The weekly average sales have more than doubled to about 12 tonnes in the last 10 weeks from nearly five tonnes in the first 24 weeks of the third year of the Central Banks Gold Agreement (CBGA), mainly due to 80 tonnes sales by Spain in March and April. Total sales by all banks now stand at around 250 tonnes.
The Austrian central bank said on Thursday it sold 14 tonnes of gold from its reserves in 2006.
“Overall, CBGA sales are most unlikely to be maintained at this recent rate. However, we could end the agreement year a bit above 400 tonnes, rather than at or below the level,” Philip Klapwijk, chairman of metals consultancy GFMS Ltd, said.
Analysts said that probably a few banks were in a hurry to sell to maintain the ratio of gold in their total reserves, but most others would go ahead with their announced plans.
Gold’s share in the reserves of central banks has risen in the past years due to a sharp rise in gold prices and a drop in foreign exchange reserves at some central banks following their current account trade deficits, analysts said.
Gold XAU= surged to a 26-year high of $730 an ounce in May last year and was down at $656.15/656.65 an ounce by 0822 GMT
on Thursday. The price has more than doubled in the past five years.
“At the current rate, they would not reach the allowance but would sell approximately 380 tonnes,” said Suki Cooper, precious metals analyst at Barclays Capital.
There was a case for the European banks to have another pact after the end of the current agreement in 2009, but some banks might prefer an unrestricted sales environment, analysts said.
“I do think there will be another agreement, because if not, then it creates uncertainty again in the market,” said Stephen Briggs, economist at SG Corporate and Investment banking.
The pact was first negotiated eight years ago to stabilize prices when gold was languishing below $300, partly because of frequent central bank selling. The current pact, agreed in 2004, raised the limit on gold sales over five years to 2,500 tonnes from 2,000 tonnes in the 1999-2004 period.
“I personally expect they will (renew the pact), as it has for them neutralized what was a controversial issue, and the market has come to expect it.
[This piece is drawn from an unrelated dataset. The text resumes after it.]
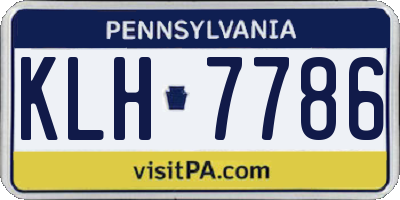 PA license plate KLH7786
However, it might be on different terms,” said Matthew Turner, precious metals analyst at Virtual Metals.
Analysts said the European banks might need to have another round of selling after 2009 as the ratio of gold in their total reserves was still much higher than that of other banks despite selling more than 3,000 tonnes in the past eight years.
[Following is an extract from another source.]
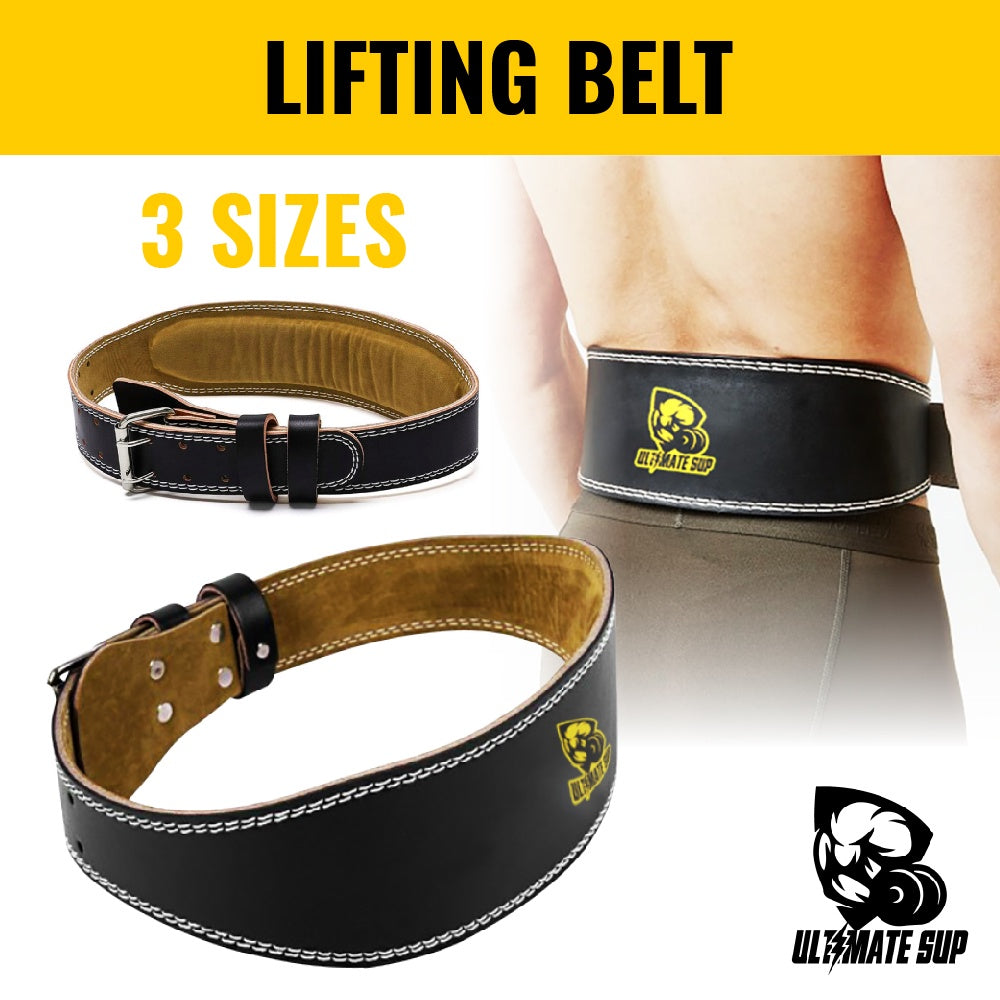 Ultimate Sup Leather Weight Lifting Belt, Black (PU LEATHER) - Thumbnails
The 15 signatory banks now hold 12,850 tonnes of gold.
By March, Germany, the world’s second-largest gold holder, had 3,423 tonnes, nearly 63 percent of its total reserves, while France held 2,710 tonnes (57 percent), Italy 2,452 tonnes (66 percent) and Spain 417 tonnes (45 percent).
That compares with 1.2 percent of gold in China’s reserves, 1.8 percent in Japan and 2.6 percent in Australia.
“There is plenty of academic research that suggests a 10-15 percent weighing in gold. I have never seen a case made for 50 percent,” John Reade, head of metals strategy at UBS Investment Bank, said, referring to the ratio of gold in total reserves.
He said the banks might have found the agreement restrictive and would prefer, if possible, not to be controlled in any way.
“It would be a mistake not to have a central bank agreement in place. If there isn’t an agreement, the market would be free to speculate wildly about central bank selling again.”
Unlike previous occasions, gold prices have not fallen sharply despite heavy selling by central banks in the past weeks, as the market has discounted these sales, analysts said.
“The market is used to central bank sales at the levels of recent years, but it still takes a lively interest in what central banks are doing and their actions can have an effect on sentiment,” said Jill Leyland, economic adviser to the World Gold Council, an industry-funded organization.
Gold prices have fallen about four percent in the past one month on a rise in the dollar and central bank gold sales.
“The market has adjusted to the increased supply from the standpoint that prices aren’t tanking. The more and more they sell now without the price getting hurt too badly, the less and less they will be able to affect the price in future,” said Neal Ryan, director of economic research at Blanchard & Co.